Peithō, “to persuade, to win over,” in the passive and middle voices, “to be persuaded, to listen to, to obey,” is so used with this meaning, in the middle voice, e.g., in Acts 5:36-37 (in v. 40, passive voice, “they agreed”); Rom. 2:8; Gal. 5:7; Heb. 13:17; Jas. 3:3.

The “obedience” suggested is not by submission to authority, but resulting from persuasion. Peithō and pisteuo, ‘to trust,’ are closely related etymologically; the difference in meaning is that the former implies the obedience that is produced by the latter.

In other words, when “one allows oneself to be convinced by someone: one follows and obeys him” (EDNT).

Paul Benware applies this point well in an article [“Leadership Authority in the Church,” Conservative Theological Journal 3.8 (1989), pp. 10-12]:

The emphasis here [Heb. 13:17] is on an obedience that comes from being persuaded that something is true. In this case, it would be the truth of the Word of God that is in view. Here they are being called upon to persuade the people that follow them with the truth of the Word of God… The elders are not to say “Do it because I say so”, but rather “Do what I show you from God’s Word.” …

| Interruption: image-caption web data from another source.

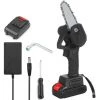 SUPERSELLER Scie à Chaîne électroportative Tronçonneuse Sans Fil 21V Avec Batterie 2.0Ah Et Chargeur Mini Scie à Chaîne électrique De 4 Pouces Pour Couper Le Bois, Couper Les Arbres, Travailler Le Bois, Prise EU Avec 1 Batterie - Prise EU Avec 1 Batterie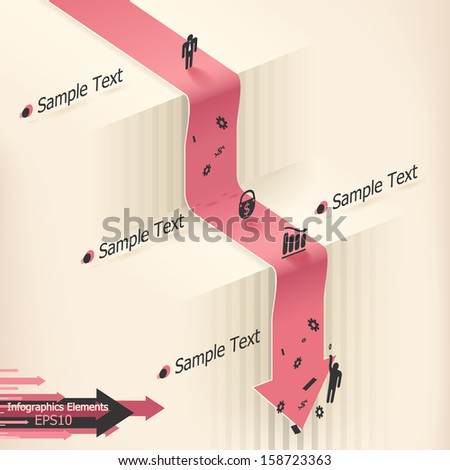 stock vector modern infographics options banner with realistic arrow showing recession vector can be used for 158723363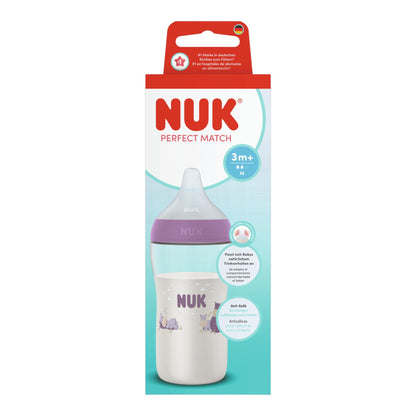 NUK Perfect Match Babyflasche "Nilpferd" 260 ml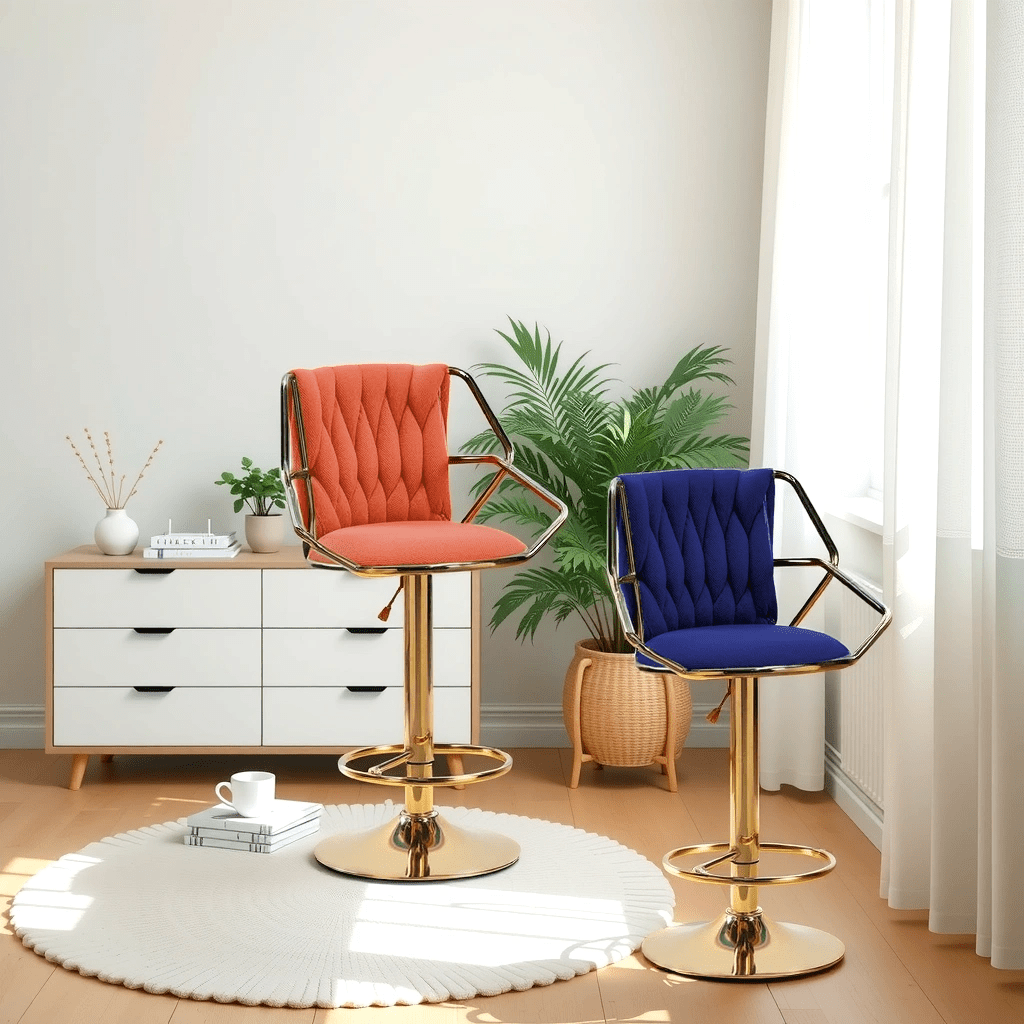 2X Height Velvet Padded Golden Round Base Barstools Chairs | with Backrest and Footrest | Beige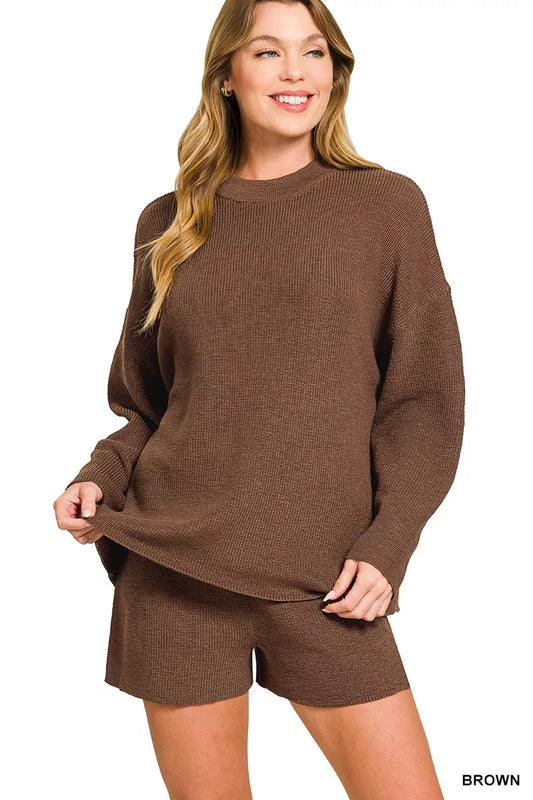 Trendsi Zenana brown knit top and shorts sweater set with round neck, cozy and stylish casual loungewear.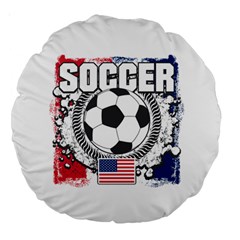 Soccer United States Of America 18  Premium Round Cushion  by MegaSportsFan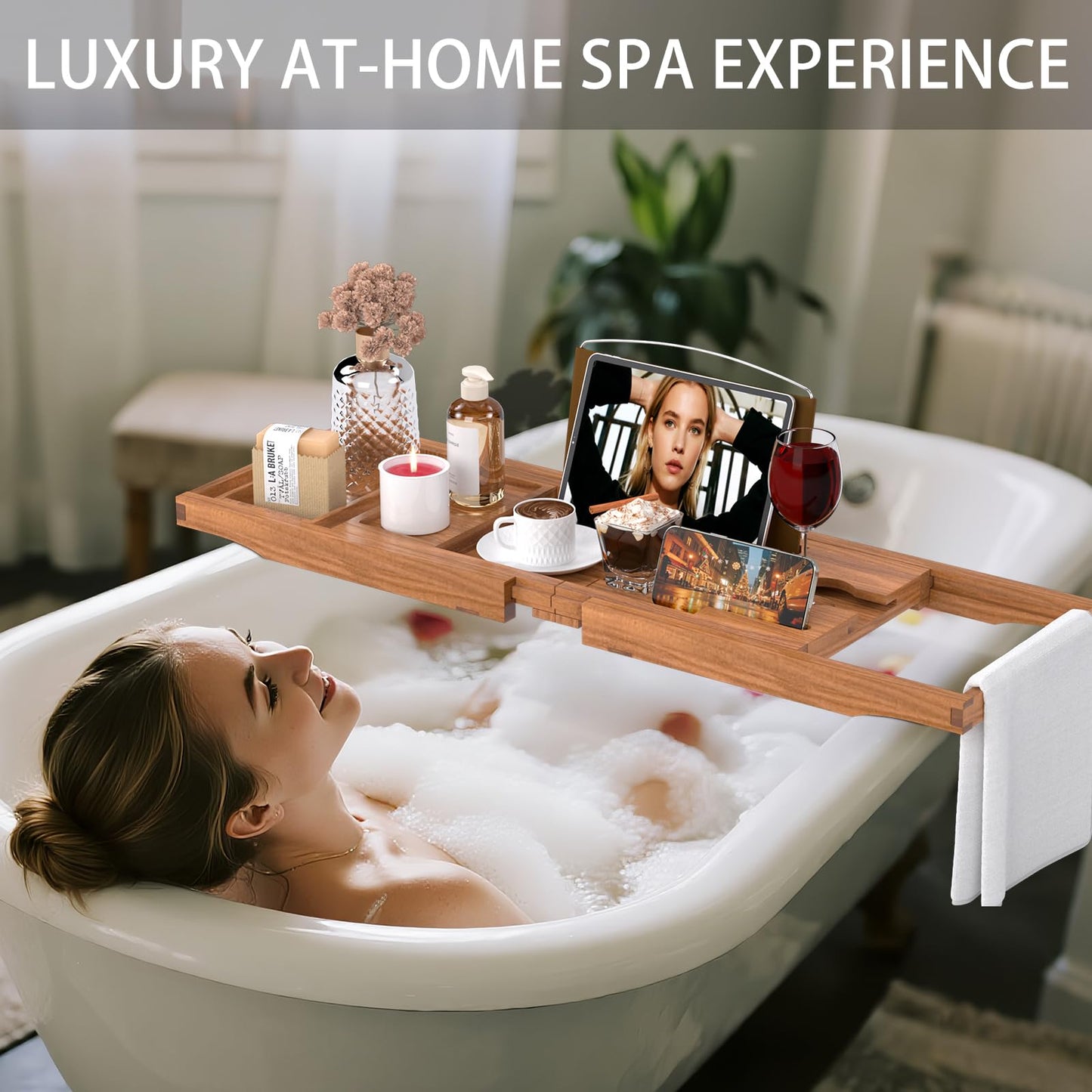 Teak Bathtub Caddy Tray for Tub, Foldable Luxury Bath Table Tray with Book and Wine Glass Holder, Expandable Bathroom Accessories for Spa or Reading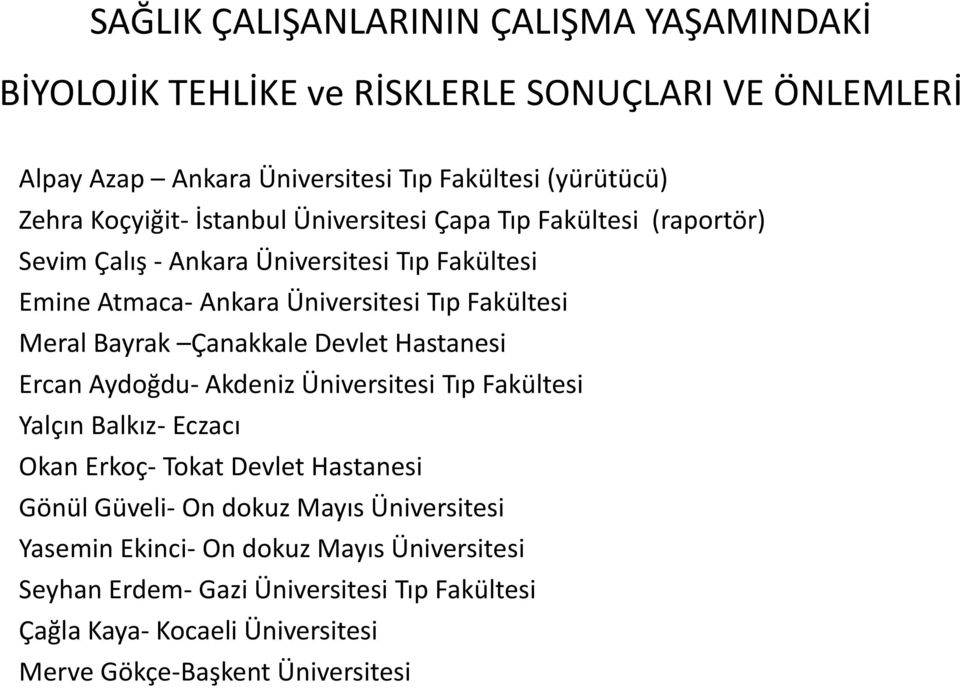 Bayrak Çanakkale Devlet Hastanesi Ercan Aydoğdu- Akdeniz Üniversitesi Tıp Fakültesi Yalçın Balkız- Eczacı Okan Erkoç- Tokat Devlet Hastanesi Gönül Güveli- On dokuz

Leadership authority in the church, then, is the power granted to men to lead the flock of God according to the Word of God, guiding, protecting and feeding them for their benefit and God’s glory. This kind of leadership authority will persuade believers from the scriptures resulting in obedience and submission to Christ the one and only head of the church.

John Owen says much the same in his commentary on Hebrews 13:17:

1st. It is not a blind, implicit obedience and subjection, that is here prescribed. A pretence hereof hath been abused to the ruin of the souls of men: but there is nothing more contrary to the whole nature of gospel obedience, which is our “reasonable service;” and in particular, it is that which would frustrate all the rules and directions given unto believers in this epistle itself, as well as elsewhere, about all the duties that are required of them. For to what purpose are they used, if no more be required but that men give up themselves, by an implicit credulity, to obey the dictates of others?

2dly. It hath respect unto them in their office only. If those who suppose themselves in office do teach and enjoin things that belong not unto their office, there is no obedience due unto them by virtue of this command. So is it with the guides of the church of Rome, who, under a pretence of their office, give commands in secular things, no way belonging unto the ministry of the gospel.

3dly. It is their duty so to obey whilst they teach the things which the Lord Christ hath appointed them to teach; for unto them is their commission limited, Matt. 28:20: and to submit unto their rule whilst it is exercised in the name of Christ, according to his institution, and by the rule of the word, and not otherwise. When they depart from these, there is neither obedience nor submission due unto them.

Finally, Matthew Henry, in his old (and under-appreciated) commentary, offers this pointed one-sentence summary:

Christians must submit to be instructed by their ministers, and not think themselves too wise, too good, or too great, to learn from them; and, when they find that ministerial instructions are agreeable to the written word, they must obey them.

Ultimately pastoral ministry centers on Christ and His Message, not on the pastor and his role as messenger. And so to obey and submit to our pastors is a call to esteem and respect and obey the Word of God. This is why it can be said that “an elder with no Bible is an elder with no authority” (Mark Lauterbach).

Hebrews 13:17 is beautifully balanced and stabilizing for Christians who live in a culture suspicious of all authority. It encourages our biblical discernment. It encourages us to find a solid church where the Bible is taught clearly and persuasively. It moves our attention off autonomous human authority. It focuses our attention on the weightiness of Scripture. And it encourages humble submission of our lives to the faithful preaching and counsel we receive from our still-fallible pastors. It is a passage that helps us see the faithfully preached word for what it is — an authoritative message from God to be obeyed.